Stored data
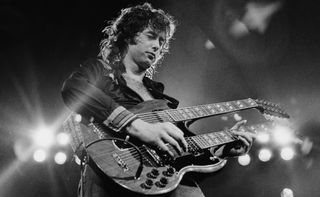 Jimmy Page performs with Led Zeppelin at the Seattle Coliseum in June 1972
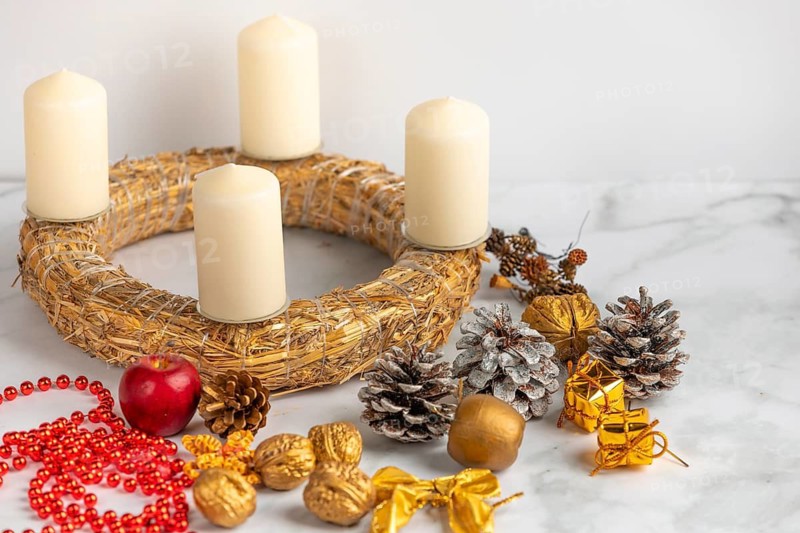 Making an Advent wreath, white candles, Christmas decorations, white background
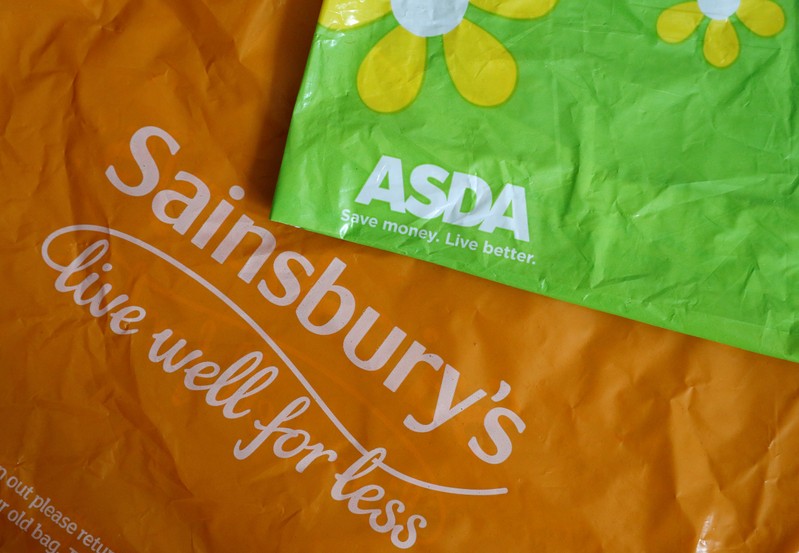 FILE PHOTO: Shopping bags from Asda and Sainsbury's are seen in Manchester.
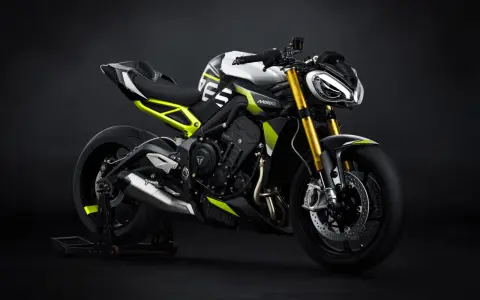 Nowoczesny motocykl Triumph Street Triple w białym i czarnym malowaniu z neonowo-żółtymi akcentami, gotowy do drogi.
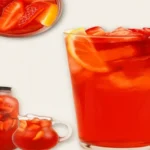 Southern strawberry sweet tea served in a clear glass with ice, fresh strawberries, and lemon for a refreshing summer drink.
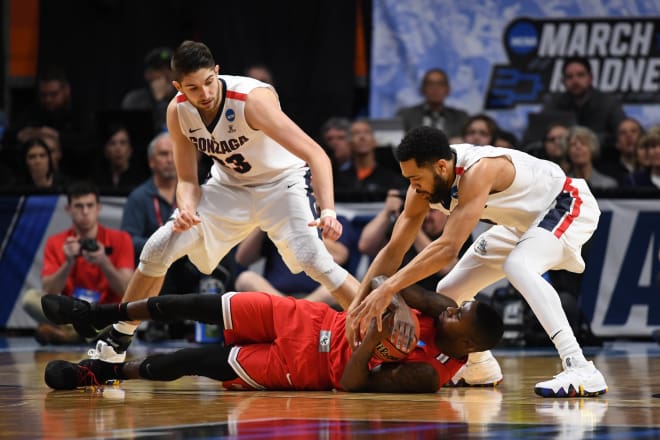 Guard Kam Williams battles for a ball in Ohio State's loss to Gonzaga in the Round of 32 in the NCAA Tournament. 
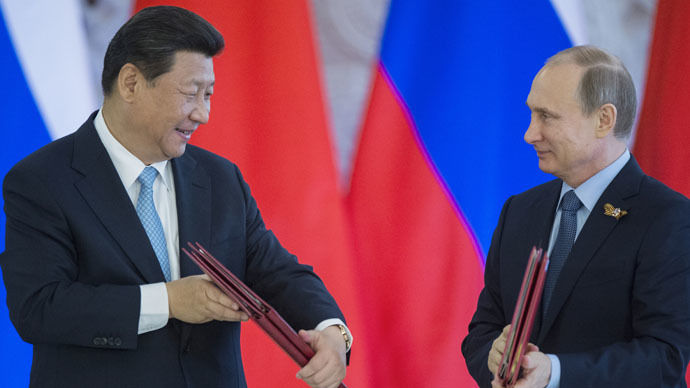 russia-china-deals-cooperation.si.jpg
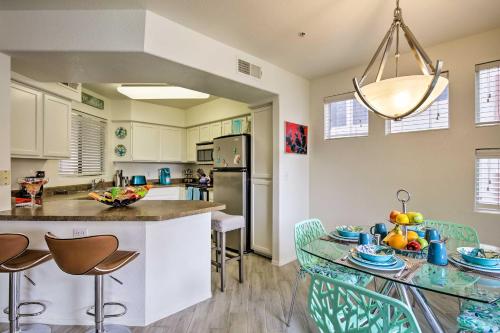 a kitchen with a counter and a table with chairs at Modern Condo with Pool Access about 3 Mi to Dtwn Phoenix in Phoenix
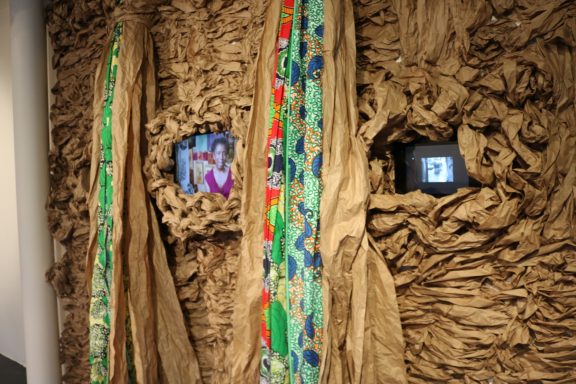Close-up view of textured wall installation with colorful fabric and video monitors embedded.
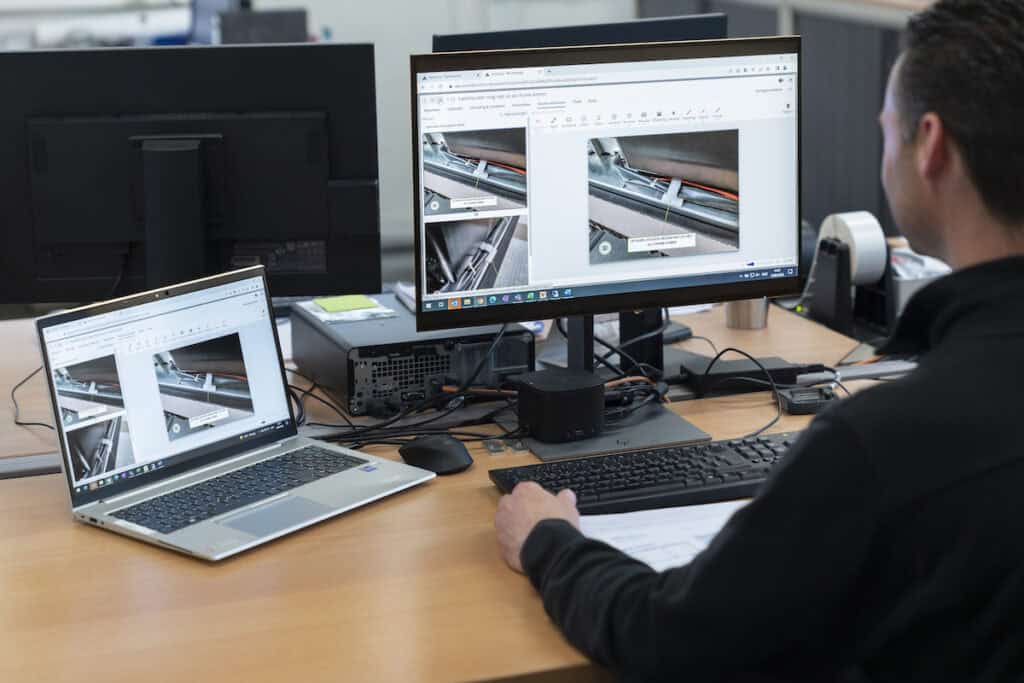 A person wearing a dark top is sitting at a desk with a laptop and a monitor. Both screens display technical images and documents. The desk has various office supplies, including a keyboard, mouse, and docking station. The background includes additional monitors.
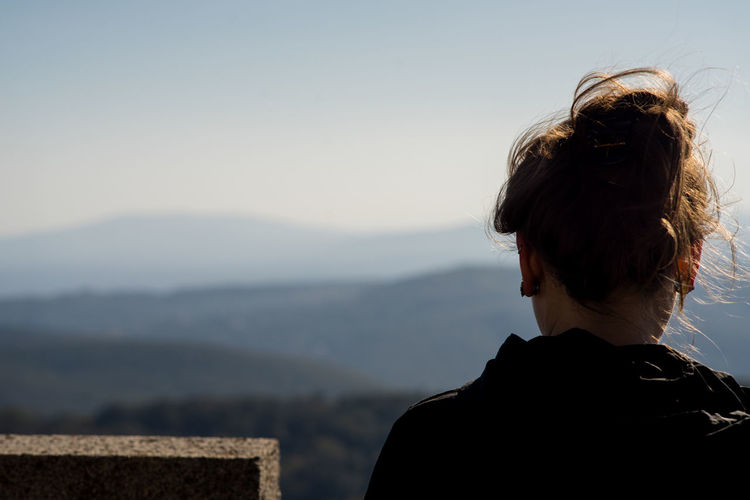 Rear view of woman looking at mountain against sky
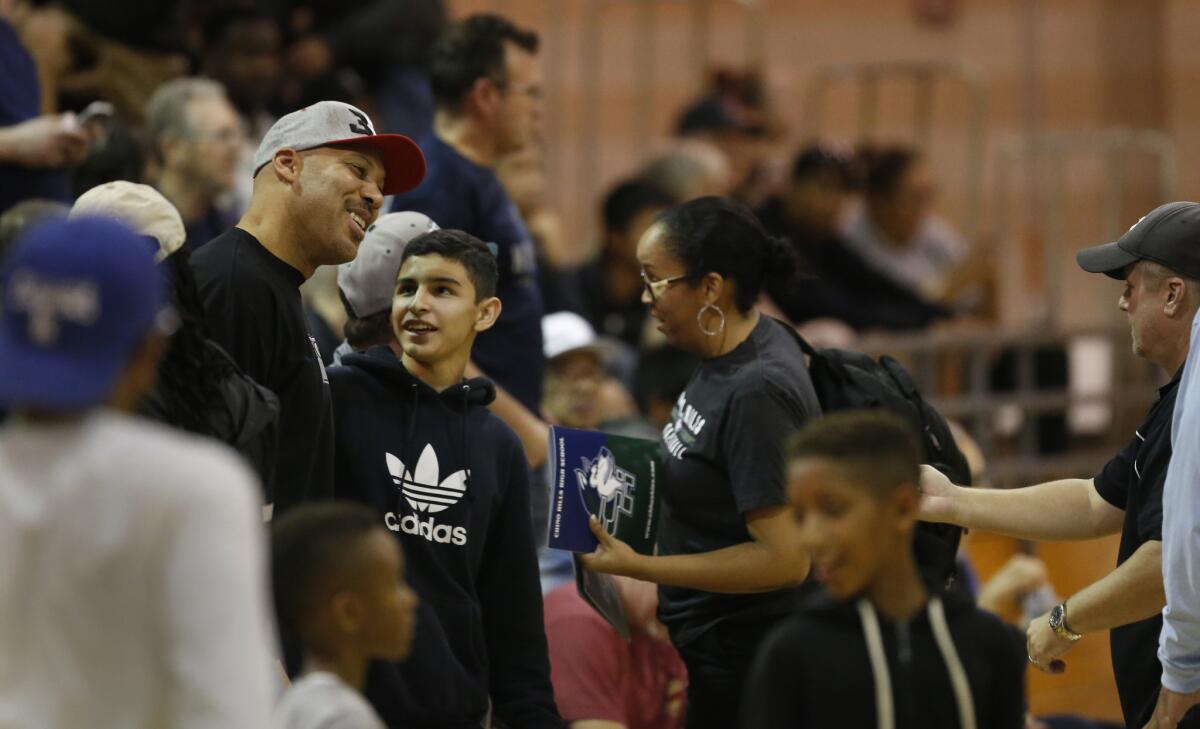 LaVar Ball, left, poses for photos with fans while watching son LaMelo Ball play for Chino Hills during a recent game at Rancho Cucamonga.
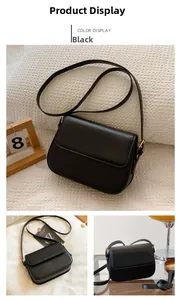 Détail du petit sac bandoulière en cuir noir mat avec boucle dorée et bandoulière réglable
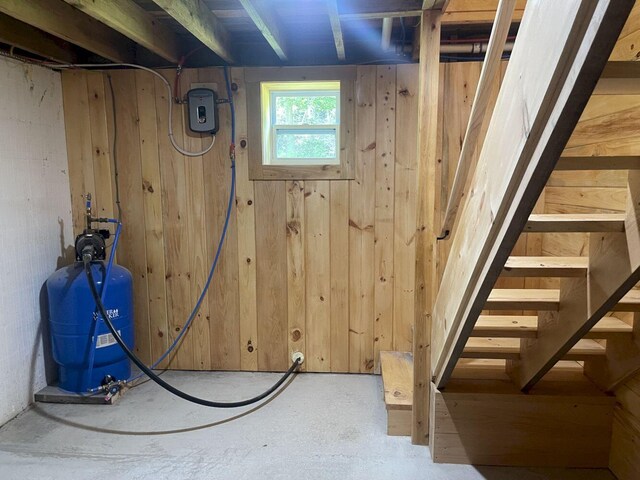 144 Redneck Rd, Starks, ME 04911 - below grade area featuring a water pressure tank, wooden walls, and stairs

**The task:** Would you copy out, exactly and with no pictures, only the lines above from the one that contains "Nowoczesny motocykl Triumph" through the one that contains "russia-china-deals-cooperation.si.jpg"?

**Answer below:**
 Nowoczesny motocykl Triumph Street Triple w białym i czarnym malowaniu z neonowo-żółtymi akcentami, gotowy do drogi.
 Southern strawberry sweet tea served in a clear glass with ice, fresh strawberries, and lemon for a refreshing summer drink.
 Guard Kam Williams battles for a ball in Ohio State's loss to Gonzaga in the Round of 32 in the NCAA Tournament. 
 russia-china-deals-cooperation.si.jpg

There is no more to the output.